This book was published a couple of years ago, so I don’t know if it’s still available, but it popped up rather mysteriously on my e-reader, and so what’s a reader to do.  I began to read.  A young Pakistani girl is summoning up the courage to ”burn off her face” with sulfuric acid.  Oh, my stars and garters, she does.  Goriest thing I’ve ever read.  Enough to make a toad go pale and hop off seeking the comfort of religion, alcohol or drugs.  Folks, it is bad and gets worse.

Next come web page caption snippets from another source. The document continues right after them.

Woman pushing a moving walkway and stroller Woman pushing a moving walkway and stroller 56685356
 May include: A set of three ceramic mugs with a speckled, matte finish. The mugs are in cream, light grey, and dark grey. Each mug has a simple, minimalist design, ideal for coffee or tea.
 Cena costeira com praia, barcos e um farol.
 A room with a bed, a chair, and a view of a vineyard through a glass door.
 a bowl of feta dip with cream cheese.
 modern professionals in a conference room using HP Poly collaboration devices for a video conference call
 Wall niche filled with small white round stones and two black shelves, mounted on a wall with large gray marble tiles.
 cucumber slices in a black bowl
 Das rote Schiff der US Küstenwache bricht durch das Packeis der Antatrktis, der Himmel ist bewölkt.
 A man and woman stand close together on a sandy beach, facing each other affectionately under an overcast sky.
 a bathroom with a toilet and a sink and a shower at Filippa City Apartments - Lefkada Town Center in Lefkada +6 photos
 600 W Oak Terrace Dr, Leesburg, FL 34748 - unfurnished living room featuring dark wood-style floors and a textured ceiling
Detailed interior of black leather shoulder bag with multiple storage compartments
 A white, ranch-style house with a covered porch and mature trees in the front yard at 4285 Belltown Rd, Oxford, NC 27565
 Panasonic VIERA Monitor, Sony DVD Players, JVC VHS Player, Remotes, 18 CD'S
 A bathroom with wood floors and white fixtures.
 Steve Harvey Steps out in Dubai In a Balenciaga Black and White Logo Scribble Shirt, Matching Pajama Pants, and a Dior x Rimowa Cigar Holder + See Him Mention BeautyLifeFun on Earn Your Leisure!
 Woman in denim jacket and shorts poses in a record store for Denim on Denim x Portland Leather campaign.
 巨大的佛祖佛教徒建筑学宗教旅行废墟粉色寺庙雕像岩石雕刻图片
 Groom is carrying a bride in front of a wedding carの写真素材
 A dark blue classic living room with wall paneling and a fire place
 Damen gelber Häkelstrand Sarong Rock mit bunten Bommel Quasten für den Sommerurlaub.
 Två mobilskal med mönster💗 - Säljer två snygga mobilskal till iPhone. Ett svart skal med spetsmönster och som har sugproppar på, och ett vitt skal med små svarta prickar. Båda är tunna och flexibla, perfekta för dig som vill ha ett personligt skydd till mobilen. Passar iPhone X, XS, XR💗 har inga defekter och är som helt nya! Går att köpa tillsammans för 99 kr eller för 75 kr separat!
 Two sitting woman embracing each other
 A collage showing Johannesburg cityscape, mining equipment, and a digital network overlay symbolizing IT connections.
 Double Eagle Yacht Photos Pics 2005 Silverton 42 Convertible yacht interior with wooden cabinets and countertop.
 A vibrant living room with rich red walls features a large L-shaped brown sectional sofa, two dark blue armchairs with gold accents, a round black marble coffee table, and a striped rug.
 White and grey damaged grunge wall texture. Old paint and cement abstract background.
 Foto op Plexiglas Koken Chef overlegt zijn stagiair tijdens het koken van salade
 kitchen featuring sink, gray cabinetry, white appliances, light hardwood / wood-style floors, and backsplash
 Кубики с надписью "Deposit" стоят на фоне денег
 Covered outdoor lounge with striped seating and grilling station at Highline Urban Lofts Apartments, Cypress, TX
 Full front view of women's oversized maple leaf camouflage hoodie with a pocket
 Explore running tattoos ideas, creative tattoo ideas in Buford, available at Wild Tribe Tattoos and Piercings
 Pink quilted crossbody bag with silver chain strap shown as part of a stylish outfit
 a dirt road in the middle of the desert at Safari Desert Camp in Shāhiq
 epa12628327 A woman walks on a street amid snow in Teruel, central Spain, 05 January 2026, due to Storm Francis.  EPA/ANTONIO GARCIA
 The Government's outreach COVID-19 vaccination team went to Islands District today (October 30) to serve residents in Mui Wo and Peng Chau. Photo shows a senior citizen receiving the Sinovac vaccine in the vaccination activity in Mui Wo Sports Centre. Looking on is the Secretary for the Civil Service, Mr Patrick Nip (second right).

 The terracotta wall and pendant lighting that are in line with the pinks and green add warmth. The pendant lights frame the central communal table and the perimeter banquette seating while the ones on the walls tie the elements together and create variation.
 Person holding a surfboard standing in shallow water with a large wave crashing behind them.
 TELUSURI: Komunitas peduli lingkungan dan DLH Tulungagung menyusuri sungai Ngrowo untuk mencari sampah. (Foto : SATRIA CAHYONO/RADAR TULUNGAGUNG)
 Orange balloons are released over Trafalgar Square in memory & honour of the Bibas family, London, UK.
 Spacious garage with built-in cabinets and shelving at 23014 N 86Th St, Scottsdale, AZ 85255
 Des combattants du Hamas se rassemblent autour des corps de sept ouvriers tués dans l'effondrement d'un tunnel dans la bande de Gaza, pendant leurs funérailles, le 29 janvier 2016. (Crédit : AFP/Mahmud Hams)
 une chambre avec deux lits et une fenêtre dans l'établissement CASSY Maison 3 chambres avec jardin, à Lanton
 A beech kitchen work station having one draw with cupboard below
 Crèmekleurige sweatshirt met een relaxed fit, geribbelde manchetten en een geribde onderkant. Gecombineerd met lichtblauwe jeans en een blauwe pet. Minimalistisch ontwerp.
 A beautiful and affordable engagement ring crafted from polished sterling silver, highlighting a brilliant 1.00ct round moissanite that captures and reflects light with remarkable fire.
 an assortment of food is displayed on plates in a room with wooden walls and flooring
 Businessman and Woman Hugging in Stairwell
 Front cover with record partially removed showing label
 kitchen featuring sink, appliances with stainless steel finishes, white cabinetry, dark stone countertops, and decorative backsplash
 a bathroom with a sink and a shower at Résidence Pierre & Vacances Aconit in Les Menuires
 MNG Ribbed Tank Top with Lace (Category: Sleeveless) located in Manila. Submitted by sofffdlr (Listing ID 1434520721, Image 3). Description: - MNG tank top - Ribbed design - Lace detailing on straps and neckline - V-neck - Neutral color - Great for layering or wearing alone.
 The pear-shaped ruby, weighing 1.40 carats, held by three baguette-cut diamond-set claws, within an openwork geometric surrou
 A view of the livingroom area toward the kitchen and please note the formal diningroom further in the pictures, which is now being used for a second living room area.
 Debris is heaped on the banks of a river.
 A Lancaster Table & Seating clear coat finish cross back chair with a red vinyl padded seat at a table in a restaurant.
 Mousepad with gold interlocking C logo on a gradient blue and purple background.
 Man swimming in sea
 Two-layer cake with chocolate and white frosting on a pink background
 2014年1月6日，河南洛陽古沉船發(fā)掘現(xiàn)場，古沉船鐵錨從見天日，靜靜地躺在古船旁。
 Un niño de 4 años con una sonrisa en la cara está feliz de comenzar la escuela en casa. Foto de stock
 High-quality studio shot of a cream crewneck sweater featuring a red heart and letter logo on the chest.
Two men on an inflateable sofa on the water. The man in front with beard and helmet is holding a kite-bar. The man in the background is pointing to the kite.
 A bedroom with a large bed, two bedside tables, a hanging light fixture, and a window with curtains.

The police, DC Jerry Pardoe and DS Jamila Patel, begin investigating this as a possible crime of honor, a so-called honor killing for bringing shame on the family.  Now that sounded really interesting so I read on.  Turns out it’s not honor at all.  It’s coats……..and jackets and sweaters.  Promise.  Coats and jackets and sweaters.  Eventually dresses join the fray.  Hats and shoes, you’ll be relieved to know, do not, but I’m not sure about underwear.

Yes, my fellow readers, it starts with second-hand clothing and soon spreads to the suburban closets of Tooting, a district of London.  Garments are possessed and seeking bodies.  Bands of hooded overcoats roam the streets attacking innocent passers-by, ripping off heads and limbs, strewing guts, organs and spinal columns willy-nilly.  Watch your step on those slippery sidewalks.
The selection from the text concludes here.